United Nations Special Rapporteur on the right to food, Jean Ziegler, has called for a 5-year moratorium on biofuel production. This recommendation was contained in his interim report  submitted to the UN General Assembly, which met in October 2007. He stressed that rushing to turn food crops — maize, wheat, sugar, palm oil — into fuel for cars, without first examining the impact on global hunger, would be a recipe for disaster. Among the potential impacts identified are increasing food prices, increasing competition over land and forests, forced evictions, impacts on employment and conditions of work, and increasing prices and scarcity of water.
According to Ziegler, a five-year moratorium on biofuel production would provide time for technologies to be devised and regulatory structures to be put in place to protect against negative environmental, social and human rights impacts. It would also allow measures to be put in place to ensure that biofuel production can have positive impacts and respect the right to adequate food.
The 232 kg of corn needed to make 50 litres of bioethanol would enable a child to live for a year, Ziegler pointed out . He said using land for biofuels would result in “massacres”, predicting a reduction in the amount of food aid sent to developing countries by richer ones.
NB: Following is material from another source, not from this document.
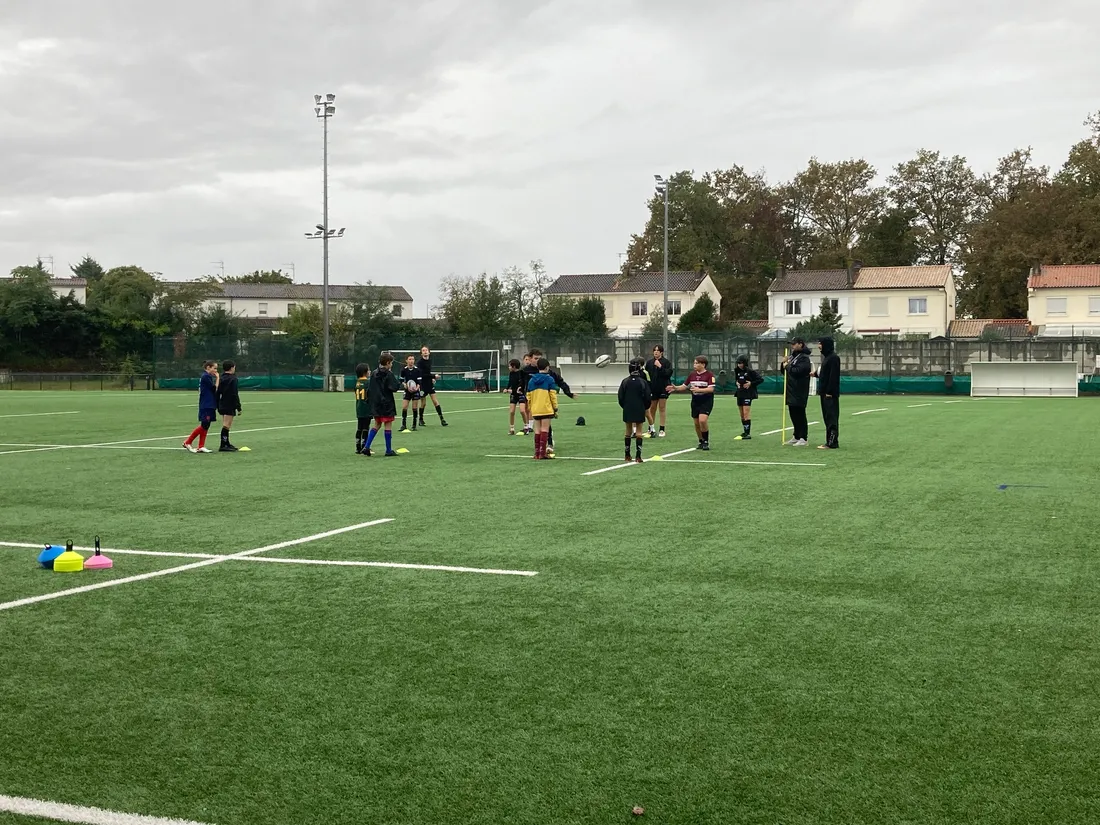 Au Stade Bordelais Rugby, les jeunes adhérents ne louperont pas la finale du Mondial ce samedi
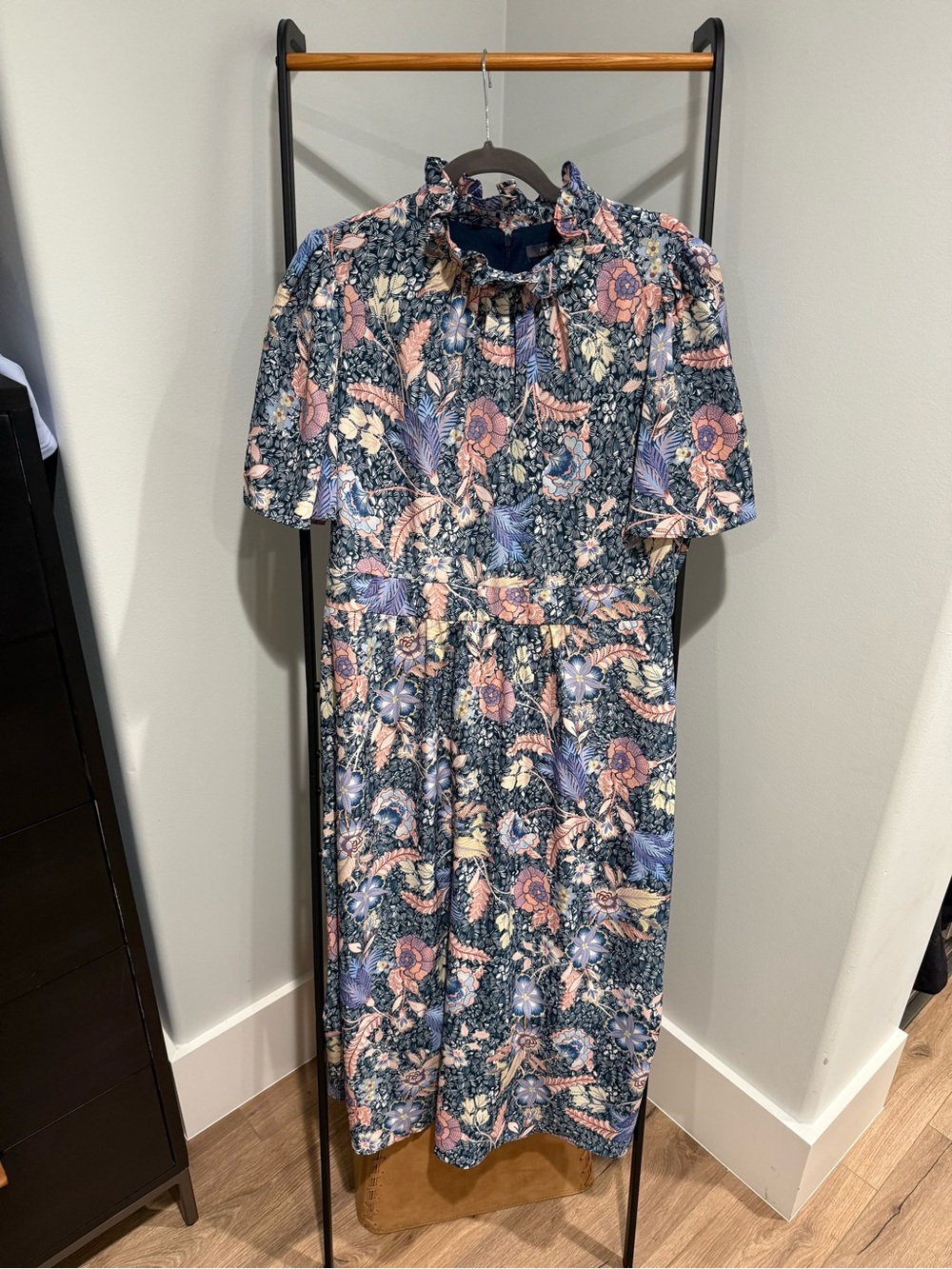 julia jordan Navy Floral Ruffle Midi Dress with Pink Accents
Ziegler’s proposal for moratorium aims to ban the conversion of land for the production of biofuels. He hopes that by the time the moratorium is lifted science would have made sufficient progress to be able to create “second generation” biofuels, made from agricultural waste or from non-agricultural plants such as jatropha, which grows naturally on arid ground.
I have dealt with the limitations of such “second generation” biofuels  (Ethanol from Cellulose Biomass Not Sustainable nor Environmentally Benign, SiS 30) and the sustainability of jatropha is looking increasingly uncertain, as far as large plantations are concerned  (Jatropha Biodiesel Fever in India, SiS 36).
Ziegler rightly deplored the fact that sugar cane plantations for biofuels are spreading at the expense of food-producing land. Ten hectares of land could produce food to sustain 7 to 10 farmers, he said, whereas the same area could only produce enough sugarcane for one farmer (see also  (Biofuels Republic Brazil, SiS 33).
Days of cheap food over
The competition for land to grow food has intensified as biotech companies have jumped onto the biofuels bandwagon  (No to GMOs, No to GM Science, SiS 35).
Just days before Ziegler was due to present his report to the UN General Assembly, news came of two men killed and five wounded when guards working for the Swiss biotech company Syngenta clashed with Brazilians invading a GM seed farm in Parana state. The group Via Campesina had organised the action in protest at what they called the illegal growing of the seeds. One guard was killed .
“The days of cheap food are over,” said Joachim von Braun, director of the International Food Policy Research Institute, in an article for the Swiss Agency for Development and Cooperation (SDC) .
Nearly 900 million people worldwide suffer hunger, 70 per cent of them food producers, peasants and rural dwellers. Von Braun warns this figure could reach one billion in a few years, and predicts a 20-40 percent increase in food prices between now and 2020, leaving the poorest, some living on 50 cents a day “unable to foot the bill.”